For an undersized non-drafted left-hander who played his college ball at Division II Bellarmine University, Austin Warner has had his share of impressive outings as a pro.
But none have been as good as Monday's.
Gameday box score
The 23-year-old southpaw twirled a shutout for Class A Advanced Palm Beach, striking out 10 while allowing three hits and a walk in a 3-0 win over Lakeland.
"Just dominating the bottom half of the zone, staying low in the zone," were the keys, he said. "Earlier in the year, I was not doing that. [I' m] using the fastball a lot and working off that with the changeup, curveball and slider. The curveball, I've been using that as a strike more, but not as an out pitch -- that's more the changeup and slider."
Warner (3-1), whom the Cardinals signed out of the independent Frontier League last June, needed 103 pitches for his first complete game and threw 70 strikes. He attributed his top-notch command to pitching from the far first-base side of the rubber and working across his body. He began doing that in 2016 and it helped him develop more deception for his fastball.
St. Louis Minor League pitching coordinator Tim Leveque indicated the performance was what the organization has become accustomed to from Warner.
"He's a hard-working guy who throws strikes. He commands his pitches, he gives everything he's got every time he goes out there," Leveque said.
Warner has struck out 51 and walked five over 50 1/3 innings this season. The complete game was his longest as a pro -- he went eight innings in an April 26 win over St. Lucie.

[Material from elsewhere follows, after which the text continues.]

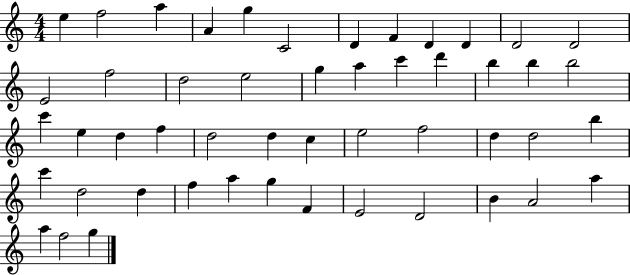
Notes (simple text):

E5/q F5/h A5/q A4/q G5/q C4/h D4/q F4/q D4/q D4/q D4/h D4/h E4/h F5/h D5/h E5/h G5/q A5/q C6/q D6/q B5/q B5/q B5/h C6/q E5/q D5/q F5/q D5/h D5/q C5/q E5/h F5/h D5/q D5/h B5/q C6/q D5/h D5/q F5/q A5/q G5/q F4/q E4/h D4/h B4/q A4/h A5/q A5/q F5/h G5/q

Leveque explained the 5-foot-11 native of Kentucky does not overpower hitters, but uses his secondary pitches and attacks the strike zone to keep batters off balance.
"However tall you are, however short you are, stuff is stuff. ... His fastball is upper-80s, low-90s, but he commands it. He's got a good slider, good curveball and feel for the changeup. He definitely has more than just the fastball."

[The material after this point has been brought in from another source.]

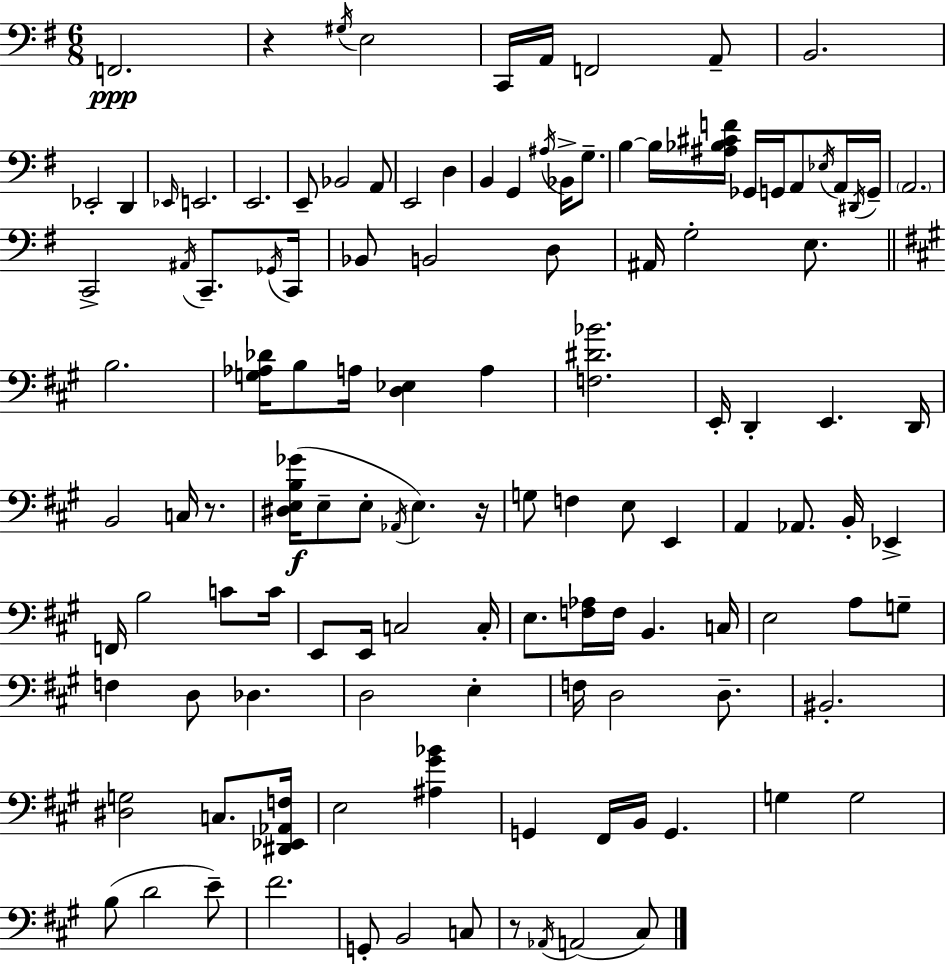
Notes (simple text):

F2/h. R/q G#3/s E3/h C2/s A2/s F2/h A2/e B2/h. Eb2/h D2/q Eb2/s E2/h. E2/h. E2/e Bb2/h A2/e E2/h D3/q B2/q G2/q A#3/s Bb2/s G3/e. B3/q B3/s [A#3,Bb3,C#4,F4]/s Gb2/s G2/s A2/e Eb3/s A2/s D#2/s G2/s A2/h. C2/h A#2/s C2/e. Gb2/s C2/s Bb2/e B2/h D3/e A#2/s G3/h E3/e. B3/h. [G3,Ab3,Db4]/s B3/e A3/s [D3,Eb3]/q A3/q [F3,D#4,Bb4]/h. E2/s D2/q E2/q. D2/s B2/h C3/s R/e. [D#3,E3,B3,Gb4]/s E3/e E3/e Ab2/s E3/q. R/s G3/e F3/q E3/e E2/q A2/q Ab2/e. B2/s Eb2/q F2/s B3/h C4/e C4/s E2/e E2/s C3/h C3/s E3/e. [F3,Ab3]/s F3/s B2/q. C3/s E3/h A3/e G3/e F3/q D3/e Db3/q. D3/h E3/q F3/s D3/h D3/e. BIS2/h. [D#3,G3]/h C3/e. [D#2,Eb2,Ab2,F3]/s E3/h [A#3,G#4,Bb4]/q G2/q F#2/s B2/s G2/q. G3/q G3/h B3/e D4/h E4/e F#4/h. G2/e B2/h C3/e R/e Ab2/s A2/h C#3/e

In the first inning, Warner shrugged off a one-out triple to No. 9 Tigers prospect Daz Cameron. He recorded a strikeout in the second, fanned the side in the third, added one in the fifth, sixth and seventh and notched two more in the eighth. Cameron walked in the ninth, but Warner induced Chad Sedio to bounce into a game-ending double play.
Having signed with St. Louis last June 23, Warner went 4-4 with a 2.44 ERA over 13 games -- 11 starts -- across three affiliated stops in 2017.
He admitted to being disappointed when he was ignored in the 2016 Draft despite going 15-12 with a 3.37 ERA and striking out nearly a batter an inning at Bellarmine.
"For sure, I was an undersized lefty, Division II guy, but with numbers that could have gotten me drafted if I was Division I," he said. "I had a couple of teams tell me they were going to draft me on Day 3, so I was definitely feeling bad. And it never crossed my mind that I would end up playing indy ball."
But he was fortunate to end up with the Frontier League's River City club, because the team's front office had a special connection to St. Louis.
"It's funny, [Cardinals director of Minor League operations] Tony Ferreira, his wife [Lisa] was the GM of the Rascals, and she kind of mentioned me to him," Warner said. "He would come watch [games] anyway and he turned our names in [to the Cardinals]. He called me and told me I was signing with the Cardinals. He signed me and [right-hander] Jason Zgardowski, who's also with Palm Beach."
Through his season-and-a-half outside of affiliated ball, Warner developed a new attitude about independent circuits.
"You're not there for the money at all," he said. "It made me respect indy ball more than before."
Monday's gem was supported by No. 15 Cardinals prospect Dylan Carlson, who went 2-for-4 with a pair of RBIs. Danny Hudzina hit a solo home run.
Eighth-ranked Tigers prospect Gregory Soto (1-1) allowed two runs on five hits and two walks over seven innings. He struck out seven.